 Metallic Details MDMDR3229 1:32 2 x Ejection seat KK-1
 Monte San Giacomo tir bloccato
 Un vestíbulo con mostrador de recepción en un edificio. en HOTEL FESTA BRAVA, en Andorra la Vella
...
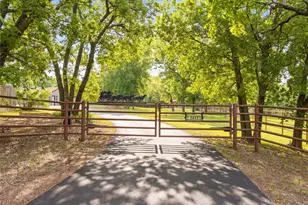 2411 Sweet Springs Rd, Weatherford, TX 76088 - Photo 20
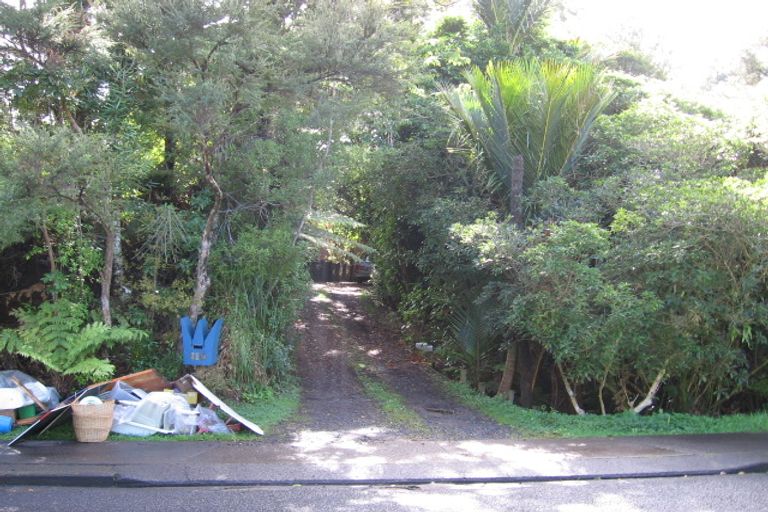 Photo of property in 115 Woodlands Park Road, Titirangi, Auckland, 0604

• How to complete this task: Go back to the lines above and output, exactly as they stand, the ones from the line containing "2411 Sweet Springs" to the line containing "Photo of property". Leave all pictures behind.

• Result below:
 2411 Sweet Springs Rd, Weatherford, TX 76088 - Photo 20
 Photo of property in 115 Woodlands Park Road, Titirangi, Auckland, 0604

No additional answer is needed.